Can banks handle crypto here?
Since NBC Prakas B7-024-735 (Dec 2024), licensed commercial banks may handle only 'Group 1' crypto-assets (tokenized securities and NBC-approved stablecoins) within strict exposure caps, and are barred from holding 'Group 2' unbacked cryptocurrencies, including Bitcoin, on their own books. For everyday retail banking, transfers identified as crypto-related are commonly flagged or frozen by major banks, pushing customers toward the licensed domestic exchanges or informal peer-to-peer transfers via mobile-banking apps instead.
Buying and selling crypto in Cambodia
Legal on-ramp runs through KYC'd accounts on Cambodia's two licensed platforms, Royal Group Exchange (RGX) and Cambodian Network Exchange (CNX), which require national ID, proof of address, and proof of income, with reported daily limits around $5,000 per person. Cambodia's telecom regulator blocked direct access to major unlicensed offshore exchanges (Binance and others) in November 2024. In a heavily dollarized economy, informal P2P trades funded through mobile-banking QR transfers reportedly remain a common workaround but sit outside the licensed framework.
Worth knowing
Historically Cambodia's crypto stance was 'informally discouraged but not comprehensively banned' — that description is now dated. Since Dec 2024/Dec 2025, real institutional (NBC) and exchange (SERC) licensing regimes exist, with operating licensed platforms and real retail sign-ups, which is why this profile is 'restricted' rather than 'unclear.' What remains genuinely unresolved is narrower: (1) whether an individual's self-custodied crypto or offshore/P2P holdings outside the licensed platforms are themselves legal, since no statute addresses personal possession directly and a 2018 joint statement nominally still calls unlicensed trading illegal; and (2) how crypto gains are taxed, since the new general Capital Gains Tax law does not name digital assets among its 6 covered categories.
Authority sources used
Outbound links are included for verification and entity authority, not decoration.

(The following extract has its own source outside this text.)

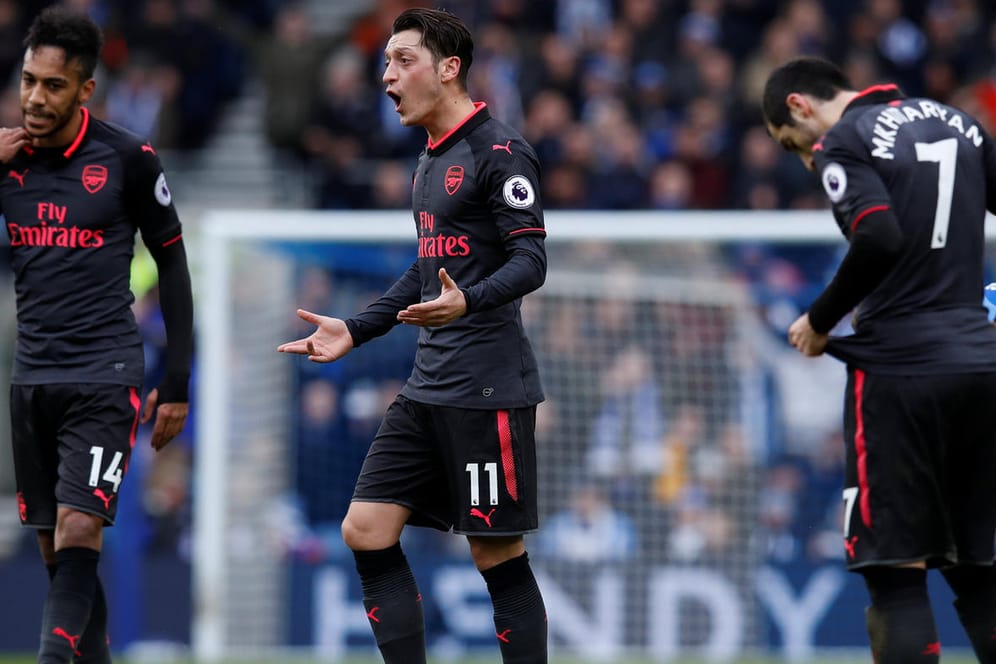 Pierre-Emerick Aubameyang (l.), Mesut Özil (M.) und Henrikh Mkhitaryan stecken mit Arsenal tief in der Krise.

Every claim on this page traces back to one of these.
- Cryptoassets Regulation Introduced by the National Bank of Cambodia (NBC)DFDL
- Cambodia Prakas 093 on the Licensing and Management of Digital Asset BusinessesDFDL
- Prakas on Transactions Related to Cryptoassets (B7-024-735), 26 Dec 2024National Bank of Cambodia
- Cambodia's 'only' digital assets exchange gains 3,500 investors in one yearKhmer Times
- Cambodia: New capital gains tax guidanceKPMG
FAQ
Is it legal for an individual in Cambodia to buy and hold cryptocurrency?
Buying and trading crypto through Cambodia's two licensed platforms, Royal Group Exchange and Cambodian Network Exchange, operates within a real regulatory framework introduced in 2024-2025. Simply holding crypto in a personal wallet acquired outside those platforms sits in a legal gray area: no statute directly addresses individual self-custody, and a 2018 government statement nominally still labels unlicensed trading illegal.
Do I have to pay tax on crypto gains in Cambodia?
There is no crypto-specific tax law. Cambodia's tax authority has signaled crypto could be taxed as intangible-property income, and a new general capital gains tax took effect in phases from January 2026 at 20%, but its published list of six covered asset categories does not name cryptocurrency, and enforcement against individuals has reportedly been minimal so far. Get personalized advice from a local tax professional.